From The Writer’s Almanac:

It’s the birthday of Robert McCloskey, . . . the author and illustrator of children’s books, born in Hamilton, Ohio, in 1914. He grew up loving music, especially the harmonica. He said, “The musician’s life was the life for me — that is, until I became interested in things electrical and mechanical. … The inventor’s life was the life for me — that is, until I started making drawings for the high school annual.” He got a scholarship to art school in Boston, and he did well there. But afterward, he couldn’t make it as an artist, and all he sold were a few watercolors of Cape Cod. One day, he went to visit an editor of children’s books in New York City, and he brought along his portfolio. It was filled with fantasy scenes, with magic and strange beasts. He took the images and the characters and the stories from life there, and he wrote and illustrated a picture book about a regular boy in a regular Midwestern town. The boy can’t whistle, so he learns to play the harmonica, and the boy and his harmonica save the day when the mayor’s homecoming celebration is almost ruined. This book was called Lentil (1940), and the next year he published Make Way for Ducklings (1941), which won a Caldecott. In 1987, bronze sculptures of Mrs. Mallard and the ducklings from the book were installed in the Boston Public Garden. McCloskey also wrote Blueberries for Sal (1948) and Time of Wonder (1957).

Robert McCloskey said, “I get a lot of letters. Not only from children but from adults, too.
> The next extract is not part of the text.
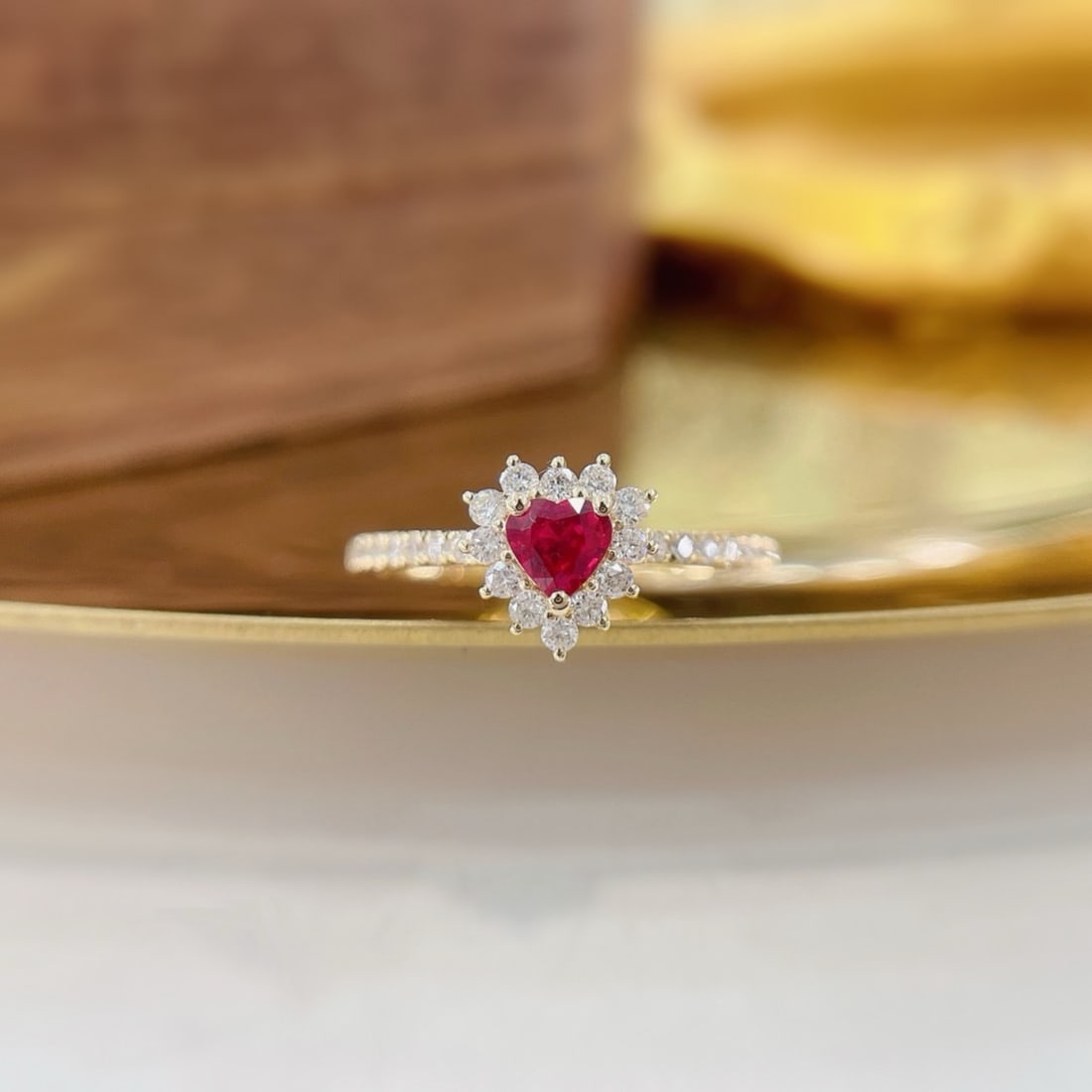 14k Gold 0.46 Ctw Natural Ruby & Diamond Ring: Ref:231186030 // gold content:14k gold // ring size:7. 25us // // main gemstone:ruby // shape:heart // carat weight:0. 21ct // color:red // treatment:natural // // adjacent gemstone 2 : diamond //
Almost every week, every month, clippings come in from some part of the world where ducks are crossing the street.”

The Writer’s Almanac is produced by Prairie Home Productions and presented by American Public Media.

The photo above is of the “Make Way for Ducklings” sculpture in Boston.

Newfound Tapes Offer Clues to Agatha Christie’s Life

Monday, September 15th, 2008

Newfound Tapes Offer Clues to Agatha Christie’s Life - NYTimes.com:

Agatha Christie’s only grandson has discovered a box of audiotapes in one of Christie’s former houses:

The tapes — 27 reels running a total of more than 13 hours — are filled with Christie’s painstaking dictation of her life story, rough material recorded in the early 1960s that eventually made up her autobiography, published posthumously in 1977. It stands as one of only a handful of recordings of Christie, the British mystery writer, who rarely agreed to be interviewed.